“When we accept that there is not just one story about any place, we gain a kind of paradise.” – Chimamanda Adichie
One thing that always confused me as a child, was how people can get angry with each other, cutting ties because of something that happened.
Not only that, because I thought it was possible that very bad people existed and that, therefore, a good person could hate them. No. What impressed me was the fact that other people that I knew were good, taking the side of the bad one. More confusing still: how people of the same family have the same opinion with each other about who was right, and defended each other!
Why wouldn’t a brother of a contestant of land, recognize that the other side was right? What invisible link between the people who made them agree on a given subject that has nothing to do with or emotional family ties?

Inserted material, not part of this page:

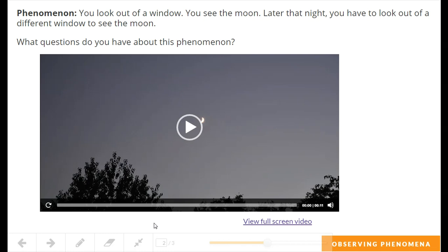or it may even have changed color. Let's check out this short video and see if we can think of any questions we might want to ask about the changing moon.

For a while I thought that people from the same family defended themselves simply because they liked each other and that, therefore, even agreeing with the enemy, defended themselves mutually. But I was wrong.
It’s not that, it is a genuine defense of the idea and not just the person. Defence of opinion.
Today I know that the origin of all disputes between people, is an error of perception that is as simple as it is common: a unique history.
When you talk to someone you love, you tell yourself your story of that person. You see their qualities, generosity and love. In your inner dialogue you repeat to yourself this one story. If someone comes to tell you a different story, you can’t believe it’s true and obviously you defend the person you love. Not because you love them, but because they’re under unfair attack, according to the unique story about that person you’ve been telling yourself. But this attack can be justified. That other person has a different story circulating in their brain. This story sees betrayal, dishonesty and greed. It’s just a story, but it’s a powerful story that, each time it’s told, first inside their head, and then in the heads of many others, is gaining real consistency.
But it’s not true. It’s just a unique story. It’s reducing all value, generosity, complexity of a person to a flat story, formed by a handful of opinions about one or two acts that may even have been misunderstood, and probably were, since the interpretation itself is part the story that is told.
Be careful not to fall into a unique history’s spider web. She is always false because she never picks up the full value of the other person. You yourself, can not be reduced to your mistake because you are much greater than that. You can not reduce anyone to their mistakes or their qualities, but you must appreciate and enjoy every person that God has put in your path exactly as they are, with everything.
If you do, you’ll discover a fabulous thing that is revealed only to those who overcomes the stories and connects with the person.